To do — All lines below between the line with "Pre Owned Valentino" and the line with "Original digital Four", including both, must be copied exactly, and the pictures must be omitted.

Provided records —
☆ ☆ ☆
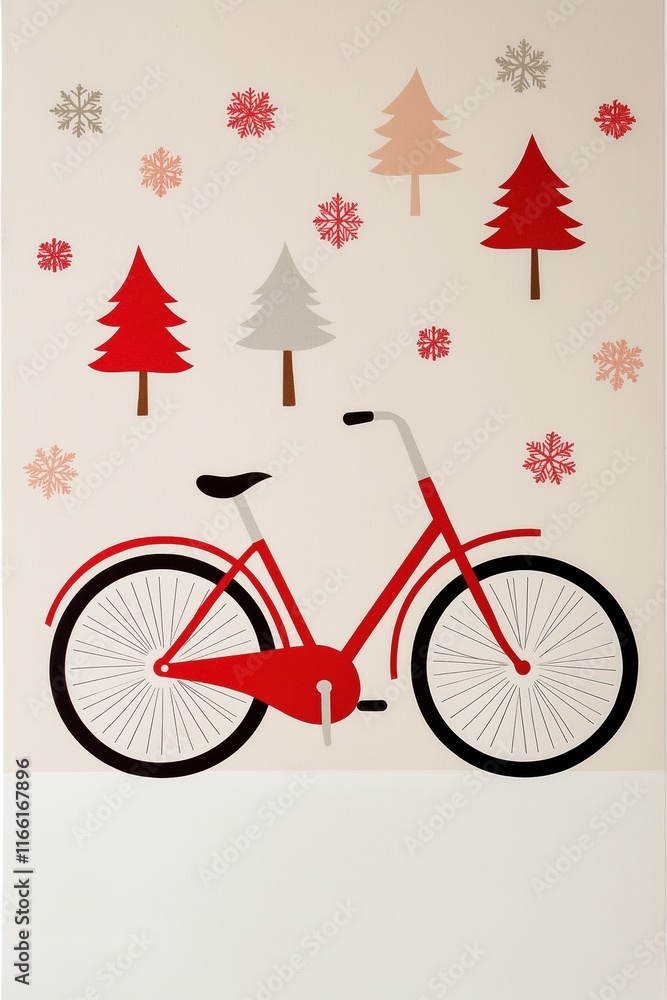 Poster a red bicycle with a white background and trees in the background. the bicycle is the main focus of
☆ ☆ ☆
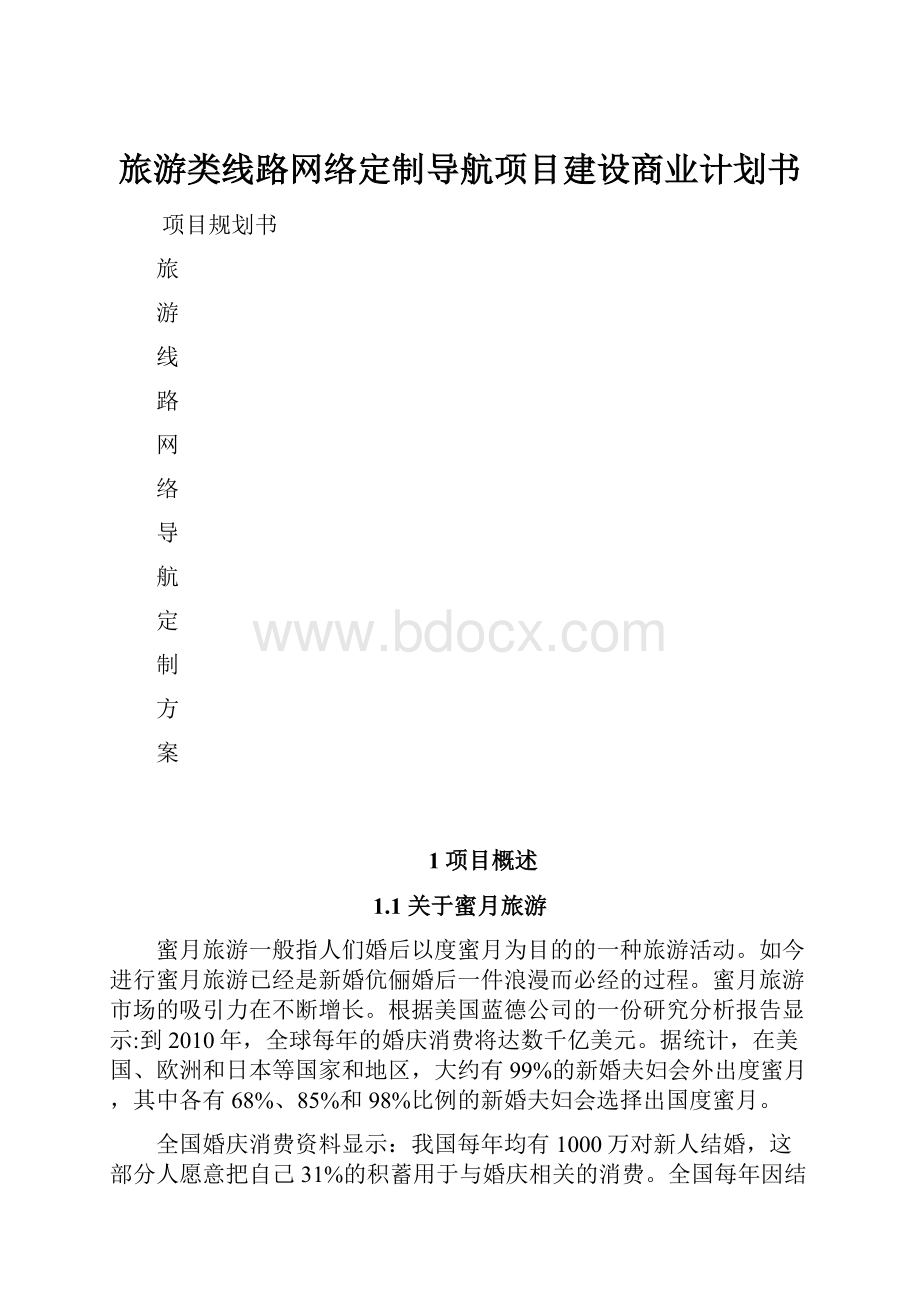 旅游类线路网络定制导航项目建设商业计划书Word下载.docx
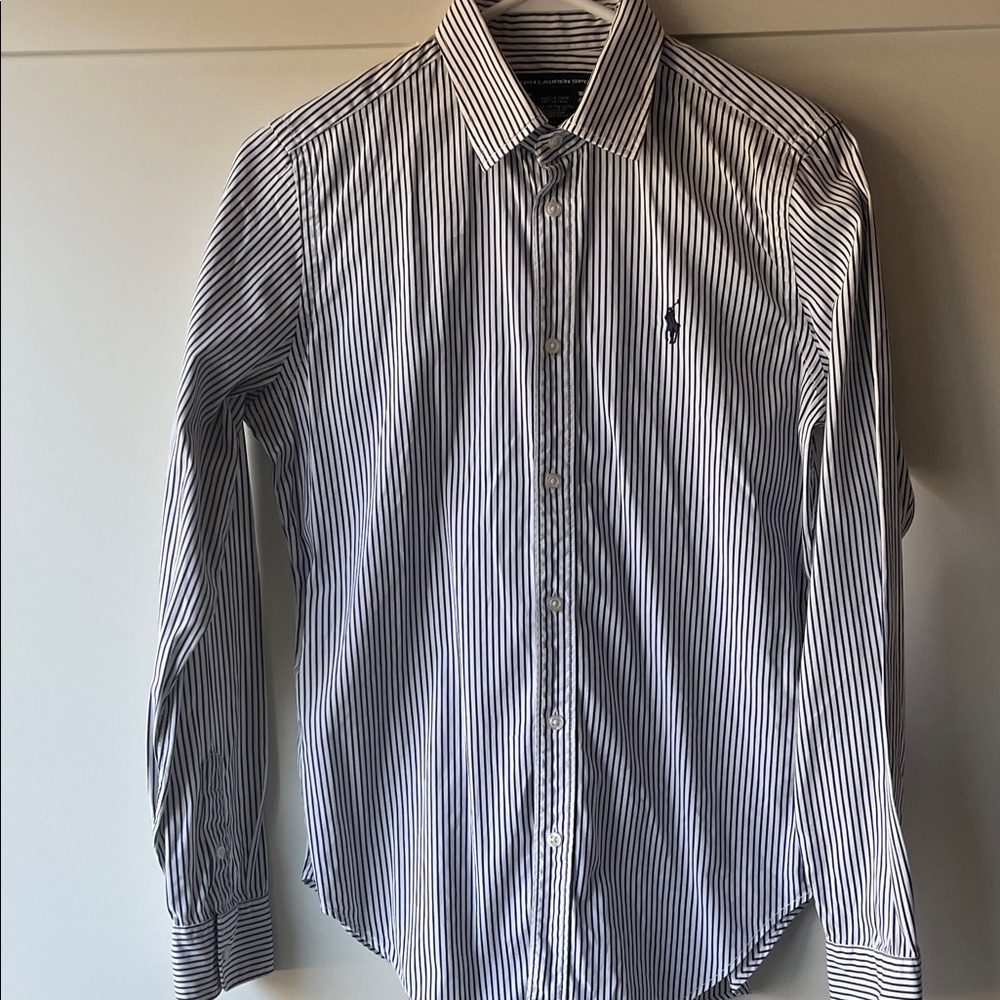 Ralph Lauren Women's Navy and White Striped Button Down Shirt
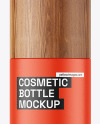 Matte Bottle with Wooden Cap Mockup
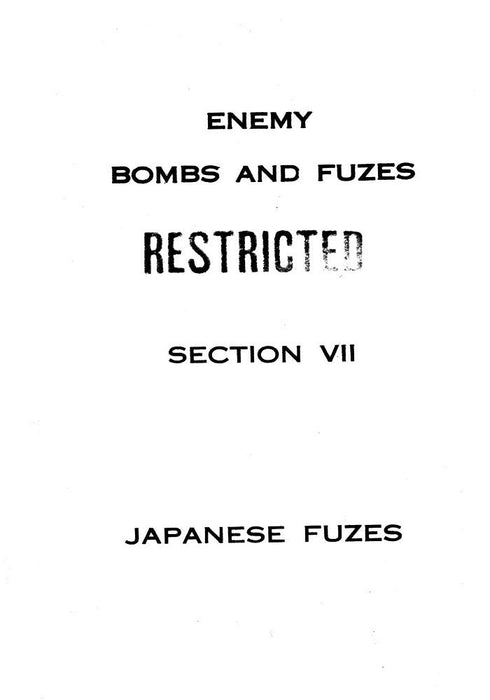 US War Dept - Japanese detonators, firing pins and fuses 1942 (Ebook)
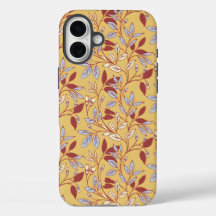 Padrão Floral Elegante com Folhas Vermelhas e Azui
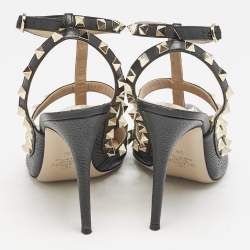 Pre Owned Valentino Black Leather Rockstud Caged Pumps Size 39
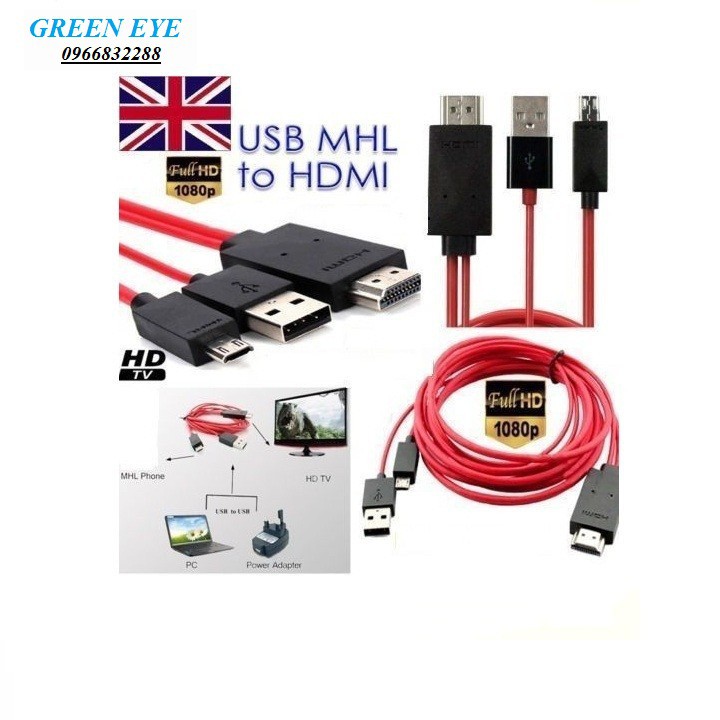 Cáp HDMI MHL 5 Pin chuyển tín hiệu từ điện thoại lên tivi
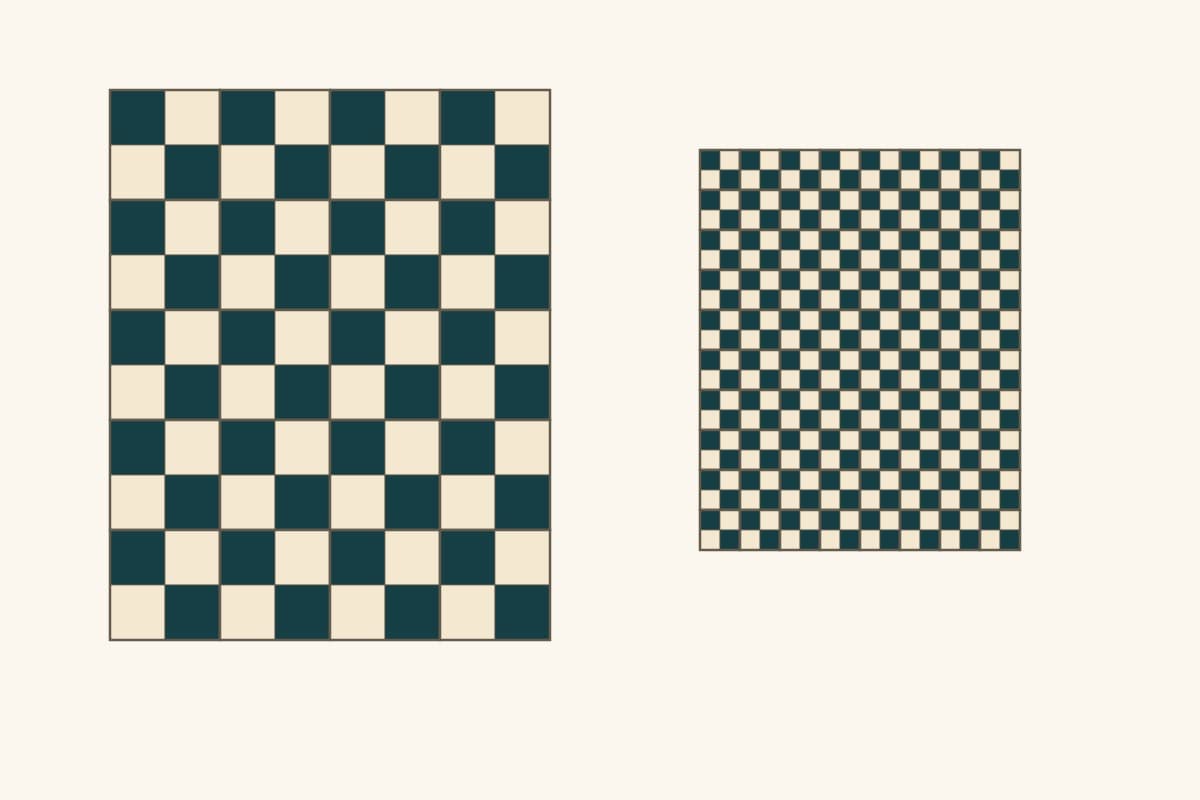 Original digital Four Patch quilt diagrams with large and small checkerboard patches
☆ ☆ ☆
Solution to this problem —
 Pre Owned Valentino Black Leather Rockstud Caged Pumps Size 39
 Cáp HDMI MHL 5 Pin chuyển tín hiệu từ điện thoại lên tivi
 Original digital Four Patch quilt diagrams with large and small checkerboard patches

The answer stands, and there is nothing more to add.